DATA TO EXAMINE:
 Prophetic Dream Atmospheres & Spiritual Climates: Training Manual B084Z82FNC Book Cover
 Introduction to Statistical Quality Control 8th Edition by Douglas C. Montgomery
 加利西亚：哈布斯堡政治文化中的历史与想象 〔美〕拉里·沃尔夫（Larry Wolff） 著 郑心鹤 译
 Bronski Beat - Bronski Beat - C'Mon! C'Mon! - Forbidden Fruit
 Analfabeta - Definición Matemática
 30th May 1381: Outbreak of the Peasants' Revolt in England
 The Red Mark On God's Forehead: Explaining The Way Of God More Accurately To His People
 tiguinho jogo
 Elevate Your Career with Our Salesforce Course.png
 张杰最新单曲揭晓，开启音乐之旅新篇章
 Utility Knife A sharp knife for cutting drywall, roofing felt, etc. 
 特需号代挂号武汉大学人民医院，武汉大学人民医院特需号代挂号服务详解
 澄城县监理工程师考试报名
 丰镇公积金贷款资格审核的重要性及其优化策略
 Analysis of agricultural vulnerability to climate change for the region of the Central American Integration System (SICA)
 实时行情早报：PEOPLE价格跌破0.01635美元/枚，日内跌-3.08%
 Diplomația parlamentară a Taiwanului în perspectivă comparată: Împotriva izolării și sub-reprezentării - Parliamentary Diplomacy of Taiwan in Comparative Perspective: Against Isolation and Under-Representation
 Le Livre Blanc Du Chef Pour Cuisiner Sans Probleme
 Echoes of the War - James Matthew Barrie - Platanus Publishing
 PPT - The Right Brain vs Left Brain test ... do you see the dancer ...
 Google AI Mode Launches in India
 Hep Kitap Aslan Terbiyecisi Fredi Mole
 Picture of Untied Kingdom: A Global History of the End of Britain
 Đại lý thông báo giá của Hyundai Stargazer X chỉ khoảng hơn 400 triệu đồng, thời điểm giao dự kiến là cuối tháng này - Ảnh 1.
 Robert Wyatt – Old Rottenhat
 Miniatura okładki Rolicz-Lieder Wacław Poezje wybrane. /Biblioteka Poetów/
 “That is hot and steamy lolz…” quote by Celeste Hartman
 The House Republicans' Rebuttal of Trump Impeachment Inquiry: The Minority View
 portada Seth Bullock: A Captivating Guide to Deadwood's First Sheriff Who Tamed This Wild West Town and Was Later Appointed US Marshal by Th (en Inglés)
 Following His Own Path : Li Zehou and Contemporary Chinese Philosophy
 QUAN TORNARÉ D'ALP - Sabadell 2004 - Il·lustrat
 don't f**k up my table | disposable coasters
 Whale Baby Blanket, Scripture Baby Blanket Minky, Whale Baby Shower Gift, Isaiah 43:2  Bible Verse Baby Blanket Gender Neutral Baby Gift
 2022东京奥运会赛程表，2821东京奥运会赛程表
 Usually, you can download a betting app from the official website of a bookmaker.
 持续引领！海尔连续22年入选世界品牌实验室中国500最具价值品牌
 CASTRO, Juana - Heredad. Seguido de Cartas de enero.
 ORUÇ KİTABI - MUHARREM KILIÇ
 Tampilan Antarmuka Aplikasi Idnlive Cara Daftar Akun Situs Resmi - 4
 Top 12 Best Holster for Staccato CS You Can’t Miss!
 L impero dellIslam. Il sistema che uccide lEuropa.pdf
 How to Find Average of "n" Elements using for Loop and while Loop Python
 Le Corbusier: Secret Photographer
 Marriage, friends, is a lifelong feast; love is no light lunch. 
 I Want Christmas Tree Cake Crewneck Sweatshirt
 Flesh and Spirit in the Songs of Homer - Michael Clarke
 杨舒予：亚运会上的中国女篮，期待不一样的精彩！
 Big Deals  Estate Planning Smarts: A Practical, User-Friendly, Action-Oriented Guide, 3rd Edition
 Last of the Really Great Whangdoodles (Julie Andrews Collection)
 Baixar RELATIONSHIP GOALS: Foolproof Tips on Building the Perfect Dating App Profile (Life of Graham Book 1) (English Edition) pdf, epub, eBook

TASK TO CARRY OUT:
Your task is to set down again, exactly, every line from the beginning of the listing through the line with "丰镇公积金贷款资格审核的重要性及其优化策略".

ANSWER TO THIS PROBLEM:
 Prophetic Dream Atmospheres & Spiritual Climates: Training Manual B084Z82FNC Book Cover
 Introduction to Statistical Quality Control 8th Edition by Douglas C. Montgomery
 加利西亚：哈布斯堡政治文化中的历史与想象 〔美〕拉里·沃尔夫（Larry Wolff） 著 郑心鹤 译
 Bronski Beat - Bronski Beat - C'Mon! C'Mon! - Forbidden Fruit
 Analfabeta - Definición Matemática
 30th May 1381: Outbreak of the Peasants' Revolt in England
 The Red Mark On God's Forehead: Explaining The Way Of God More Accurately To His People
 tiguinho jogo
 Elevate Your Career with Our Salesforce Course.png
 张杰最新单曲揭晓，开启音乐之旅新篇章
 Utility Knife A sharp knife for cutting drywall, roofing felt, etc. 
 特需号代挂号武汉大学人民医院，武汉大学人民医院特需号代挂号服务详解
 澄城县监理工程师考试报名
 丰镇公积金贷款资格审核的重要性及其优化策略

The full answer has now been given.